Grouping categories by category buying behavior (See Table 1) does not clarify these observed differences. Categories such as ice cream and soup (staples) and hair care and skin care (variety enhancers and fill-ins, respectively) are similarly stable in the first year without advertising, on average (i.e., indices from 94 to 96 in Year 1). One result was outstanding. Brands from low-purchase-frequency categories (variety enhancers and fill-ins) that remained dark for more than two years were likely to suffer more, on average, than brands from high-purchase-frequency categories (staples and niches); their indices were 66 and 66 versus 81 and 81, respectively, in Year 3.
DISCUSSION
The current research replicates and extends the work of Hartnett et al. (2021), which provided an analytical approach to understanding the relationship between brand advertising and sales; specifically, what happens to brand sales when mass-reach advertising is absent for an extended period.
The original analysis of 57 cessation cases in a single category showed that most alcohol brands lost sales in the first year without advertising, and decline became more common as brands went longer without advertising. The current analysis of a much larger sample of 365 cessation cases across diverse packaged goods categories shows patterns broadly consistent with those in Hartnett et al.’s (2021) study. On average, market shares declined without advertising, and as in the original study, average declines year over year were relatively moderate. Similarly, about half of the cases substantively reduced (index of <90) in market share in the first year without advertising, with more brands experiencing substantive declines the longer they were unadvertised.
Hartnett et al. (2021) identified the brand size and prior sales trajectory as important conditions, where the latter was a better predictor of sales trends without advertising. Again, brand size and prior trajectory were found to affect market share changes in the current research. The explanatory power of these conditions was less for this dataset, but the relative size of effects was consistent. One divergent finding in the current study was that small brands, as a group, did not suffer such steep, immediate market share declines; their average loss was closer to that of larger brands in the first year without advertising. The initial stability for all consumer goods brands, except for already declining brands, likely speaks to the fact that advertising effects carry forward for a time and that activities other than advertising contribute to brand performance, at least initially.
The current study documented cessation cases from 22 categories, which provides the opportunity to look for significant sameness in patterns between categories and/or identify potential boundary conditions. This is a vital step in building robust knowledge that is useful to researchers and advertisers. The categories differ in popularity (penetration) and repeat purchase (frequency). The average market share change without decline was consistently negative, which was observed for most categories. Exceptional categories spanned different product classification types, which suggests that this is not a unifying boundary condition; perhaps, something other than category- or brand-specific factors is playing a role here.
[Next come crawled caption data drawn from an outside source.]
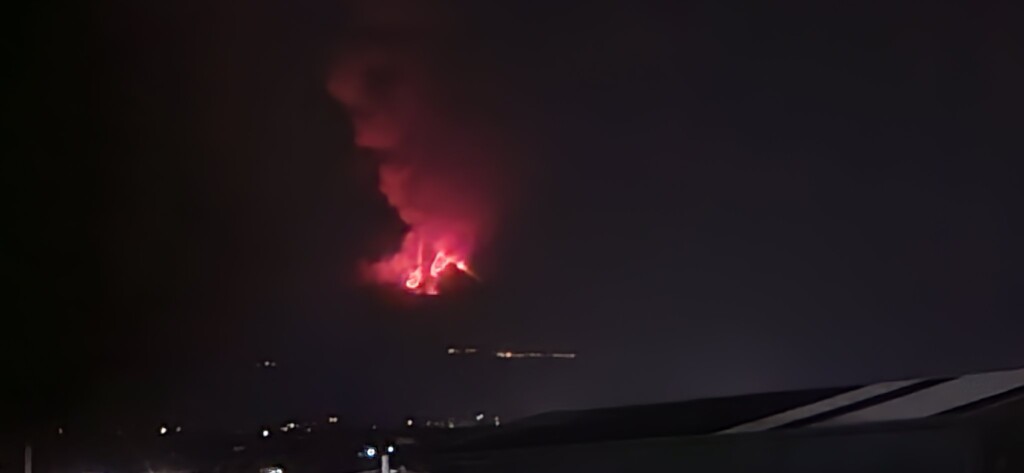 eruzione etna fontana lava 14 agosto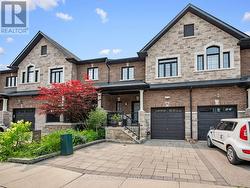 16 CHARMUSE LANE  East Gwillimbury, ON L9N 0N7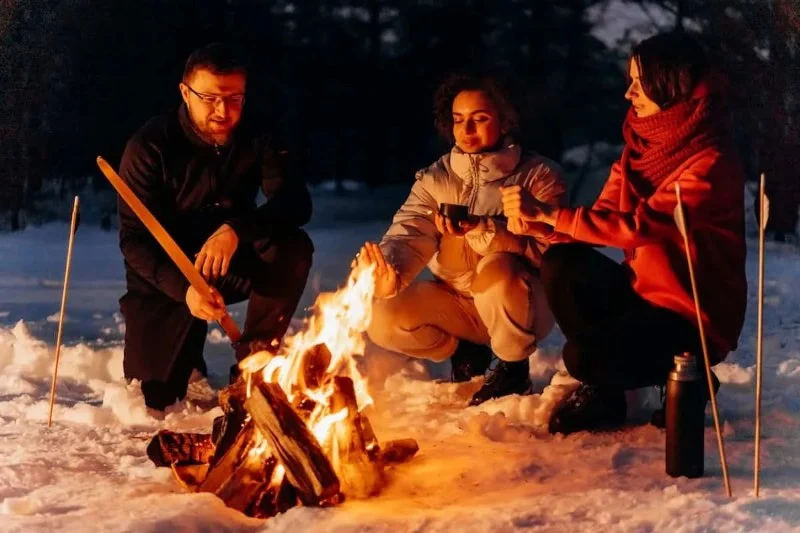 How to Build a Campfire That Burns Slowly and Efficiently: Expert Tips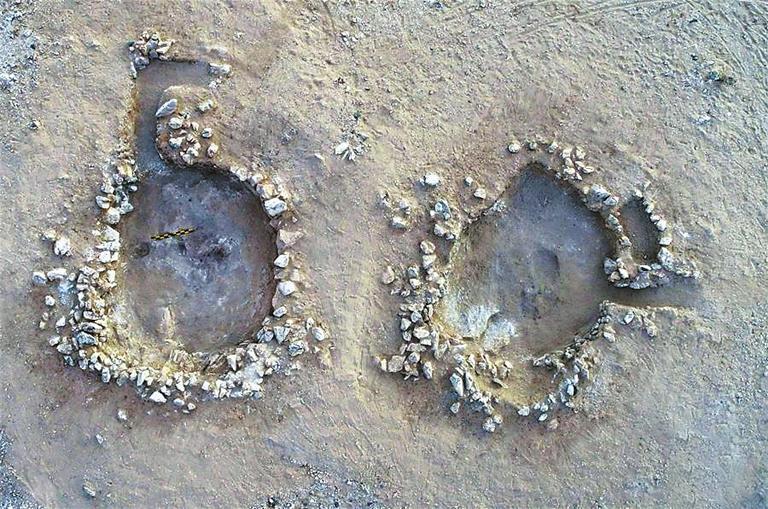 敦煌旱峡玉矿遗址出土的半地穴式房屋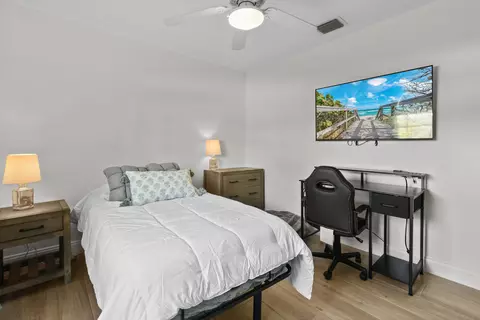 Bedroom - 6366 Barbara St, Jupiter, FL 33458 photo 4 of 6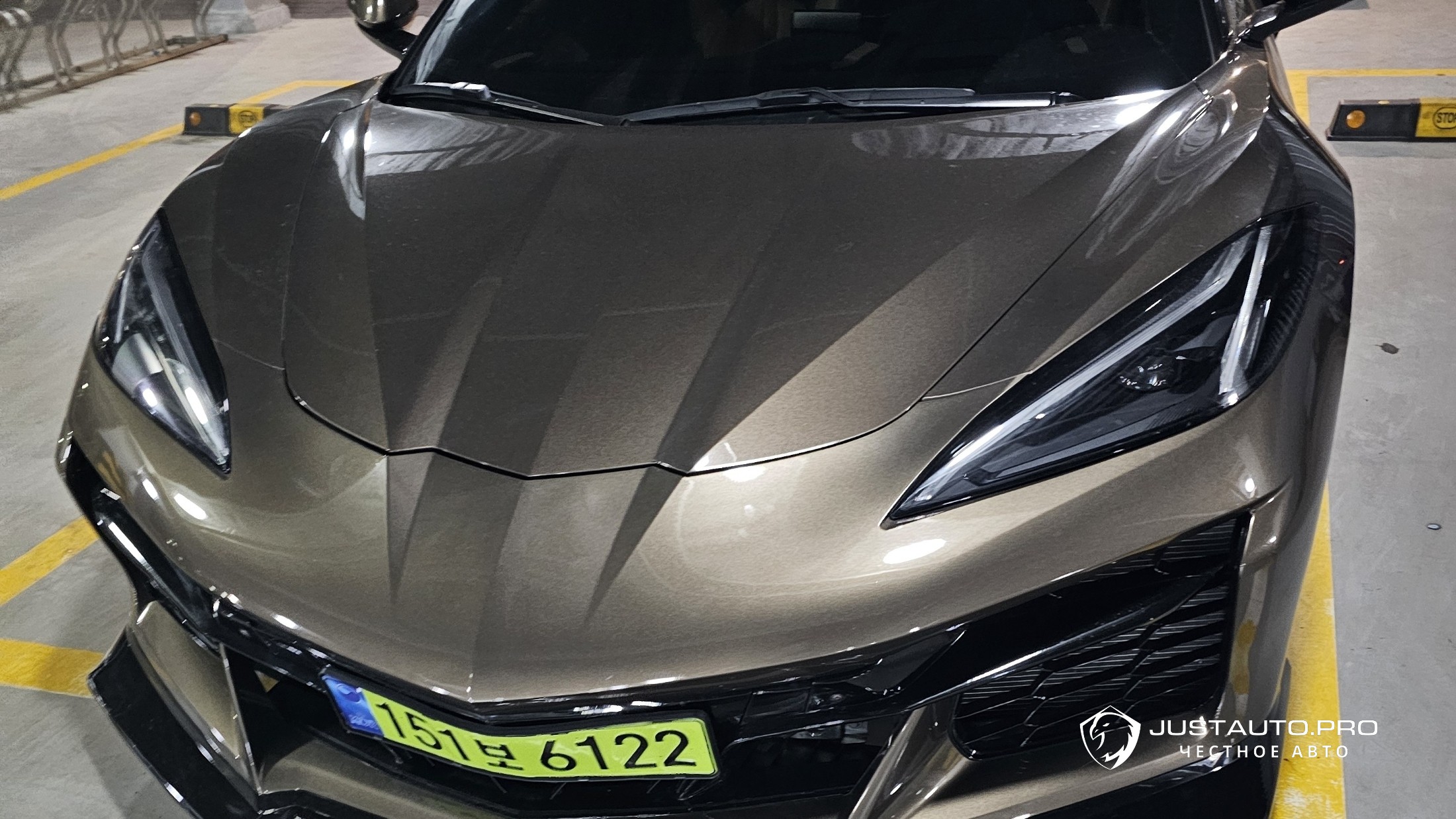 Автомобиль Chevrolet Corvette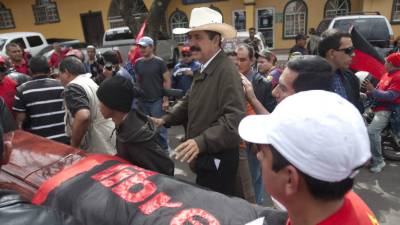 El expresidente de hondureño dijo que aún no se puede proclamar diputado electo porque el Tribunal Supremo Electoral no lo ha oficializado.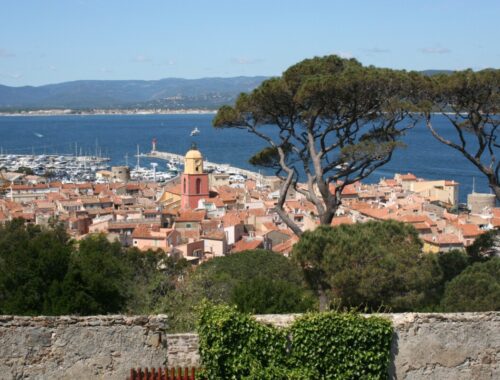 Utsikt over Saint-Tropez og Sainte-Maxime på andre siden av bukta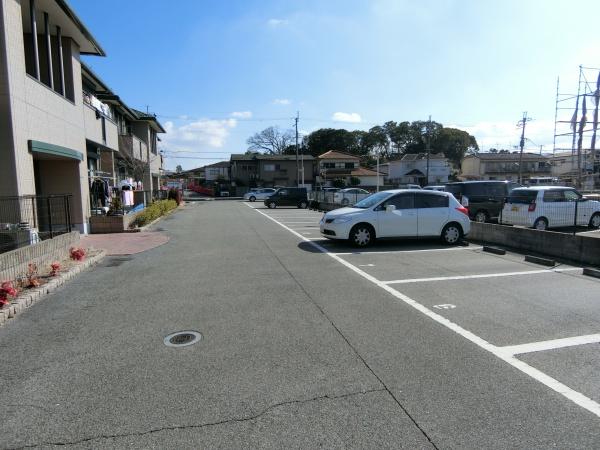 羽曳野市誉田３丁目のハイツ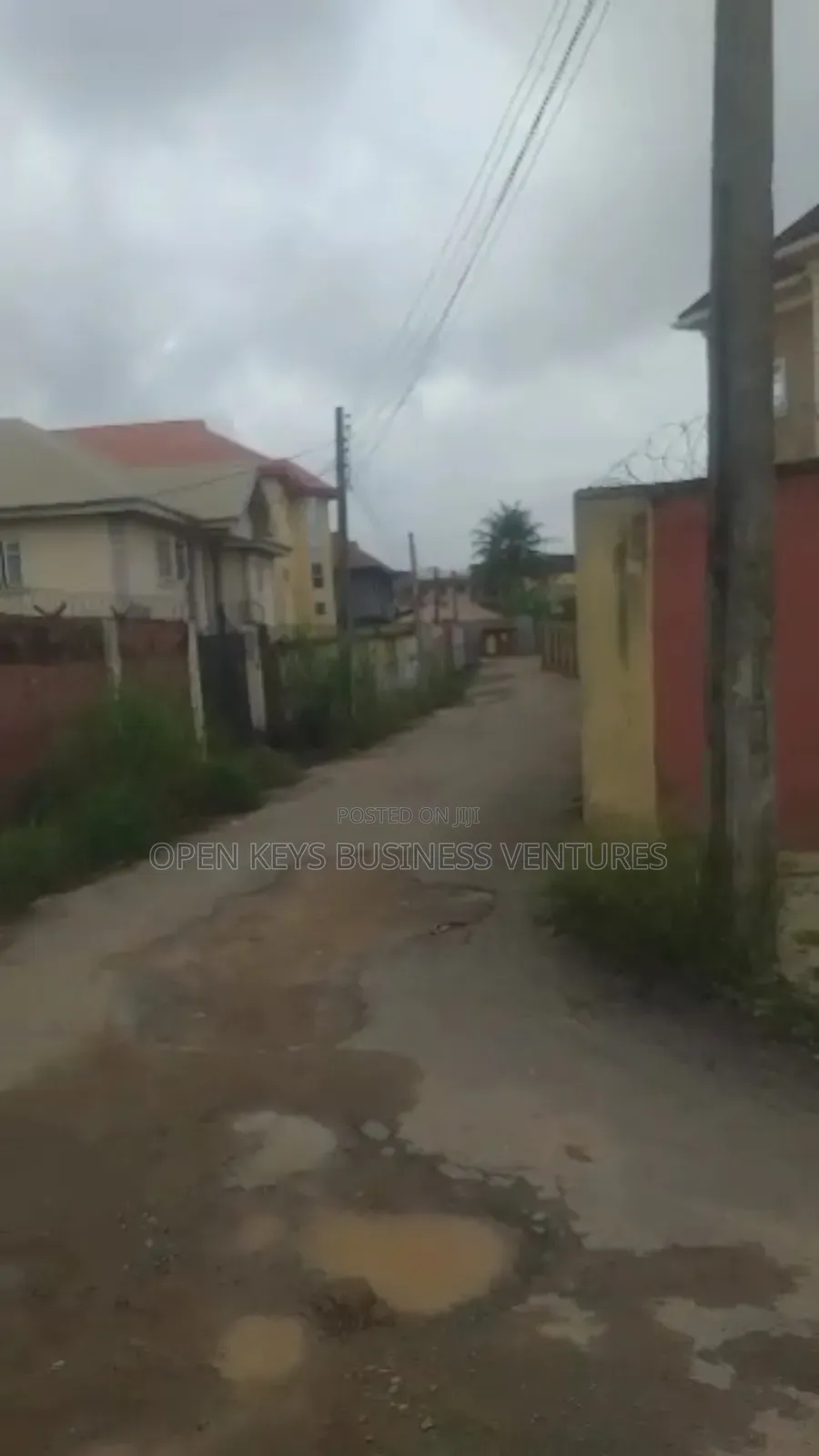 900sqm of Well Fenced and Gated Land at New Bodija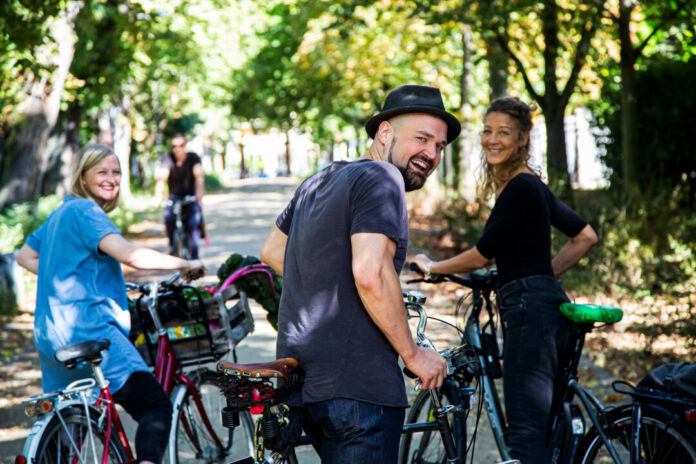 Stadtradeln und Schulradeln sind deutschlandweite Kampagnen des Klima-Bündnisses, dem weltweit größten kommunalen Netzwerk zum Klimaschutz, und dient der Förderung des Fahrrads im Straßenverkehr, um Luftschadstoffe und Lärm zu reduzieren und die Lebensqualität in Städten und Gemeinden zu verbessern. Foto: Klima-Bündnis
Longer cessations were linked, however, with a more considerable decline in the third year for products with low purchase frequency.
This replication is, by and large, considered a successful replication of the patterns reported by Hartnett et al. (2021). The value in confirming the prior findings is in showing that they are not isolated cases and, therefore, an essential contribution to advertising knowledge. The contributions and implications revisited in the following text merit attention from advertising researchers and practitioners. Looking ahead, the authors encourage further replication, particularly more radical extensions to services and durable products or developing markets. Such replications would tell us something new and make for a more powerful generalization (Lindsay and Ehrenberg, 1993).
Theoretical Contributions
Generalized patterns, as documented in this paper, provide an essential foundation for further development of the theory that explains and predicts how advertising works. The authors’ findings resonate with the theory that acknowledges advertising’s long-term effects, where it has a key role as a brand reminder and to reassure shoppers (e.g., Broadbent, 2000; Ehrenberg, Barnard, Kennedy, and Bloom, 2002; Jones, 2007). Although brands that went dark generally declined their share, there was variation across identified conditions in brands’ histories, such as prior trajectory and brand size.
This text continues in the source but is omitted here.